CW stations are notorious for bad audio and dropouts. The fact that CW and CBS stations often use equipment different from other stations may indicate some difficulty with early versions of their equipment for dealing with AC-3 audio, equipment that may still be in use in many cases.

BTW, that P&T show is prretty good.


----------



## Delroy E Walleye (Jun 9, 2012)

CW DD5.1 Seems working properly at the moment, (_Supernatural_ repeat). I've got _Fool Us_ set to record tomorrow and will check the audio again. Hopefully not as bad as "premier."

On a side note, P&T have a new "reality" series on SyFy starting 8/19, _Wizard Wars_. Promo looked interesting. I've always enjoyed P&T, especially_ P&T Bulls*** _that used to be on Showtime.


----------



## lugnutathome (Apr 13, 2009)

Your notations on the LFE (or lack thereof) makes sense in that many stations never cause the "auto on" subs to engage during viewing. (light stays red). A grounding problem would be a good possible cause of what I kept hearing. It had no correlation to the actual programming. My real issue was the lack of response from the station. Even a boilerplate reply would have been something. As it was I kept calling and emailing until the problem went away.

Thanks for the insight.

Don "so much for my sunspots theory  " Bolton


TomCat said:


> There is a way to complain that has teeth, which is the CALM act. The FCC can fine stations for audio that is not consistent in level, assuming they have a few customer complaints.
> 
> But one of the things that stations use to be compliant is a leveling algorithm, and in most cases stations do not send LFE at all or do not simulate LFE on local content, because earlier versions of the algorithm, still in use in the majority of TV stations, only can level up to 5 channels, so LFE is discarded instead.
> 
> ...


----------



## TomCat (Aug 31, 2002)

That's unfortunate, Lug.

The stations I work for are adamant about responding to customers for technical issues. One of the negative fallout aspects of the ATSC standards and SMPTE standards for digital is that they are "open", meaning there is no strict recipe outlined. While that is good because as technology moves forward we find new and better ways of fulfilling the same tasks, there are sometimes outliers, meaning that there can be problems with reception that the station will not even know about until a customer complains.

It has always been standard for stations to monitor their return signals, and the FCC encourages this. But it our demodulator does not react to some tiny typo or something missing in PSIP, for instance, while your STB goes to a black screen because of it, we want to know. And that is a real-world example of what I am talking about.

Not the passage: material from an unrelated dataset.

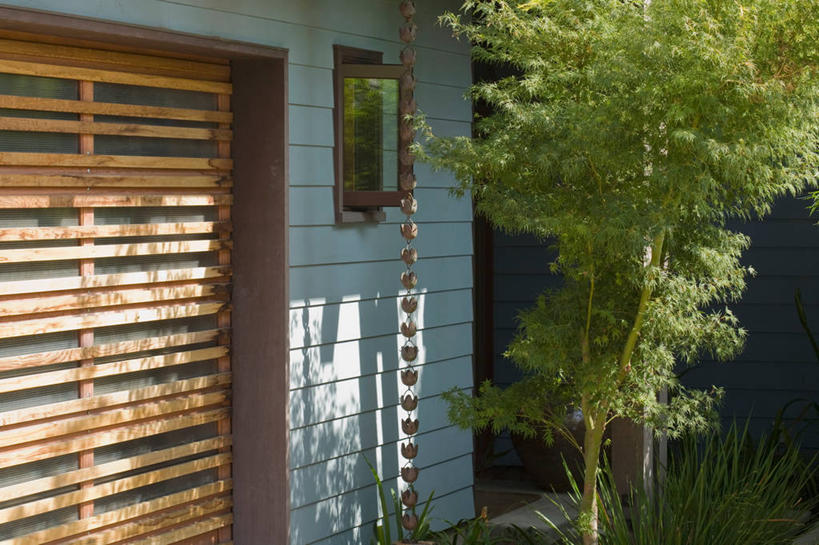 无人,家,横图,室外,白天,正面,植物,车库,窗户,门,道路,路,阴影,条纹,光线,影子,房屋,屋子,小路,交通,楼房,玻璃窗,住宅,树,树木,绿色,阳光,自然,门框,生长,成长,雨棚,彩图,房子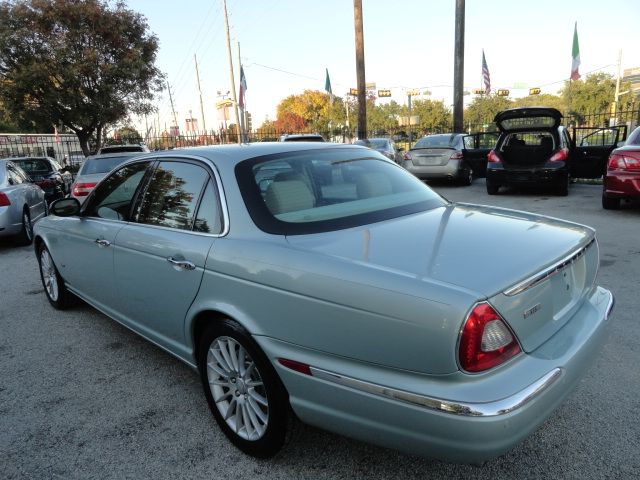  2006 Jaguar XJ8 For Sale Specifications, Price and Images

That said, monitoring of DD is sometimes not the greatest, even in large-market stations. It is also not even well-understood. TV stations used to have mature technology (so mature and therefore so boring that I got out of the business for 12 years), but with the advent of digital and now HD, technology in TV is really on the cutting edge, and it is much more challenging to keep up with. And due to the internet, and Wall St. and the mortgage industry sabotaging the economy, we have half the staff we had to do twice the work, and little time for training. This only gets worse as you drop below the top 20 markets.

But enough whining. At least it is interesting once again.

If a TV station blows you off on a technical issue, I would be inclined to go over their heads to whatever corporate engineering they are governed by (virtually all stations are owned by groups or media corporations; the Ma & Pa stations have been edged out). Let things roll down hill from there.


----------



## Delroy E Walleye (Jun 9, 2012)

The second episode was much better. Seemed to me CW was using DD5.1 "carrier" but the audio was mono. At least it didn't seem to waiver up and down and pulse, like the first episode.


----------



## Delroy E Walleye (Jun 9, 2012)

Well, the audio on _Fool Us_ this week was fine up until about 35 minutes into the program. Went back to the "premiere" episode problems all over again, and even affected a few of the commercials. (I suspect someone at "Master Control" is sleeping on the job and volume-limiting firmware is kicking in.) Last week's episode did not exhibit the volume-pumping problems.


----------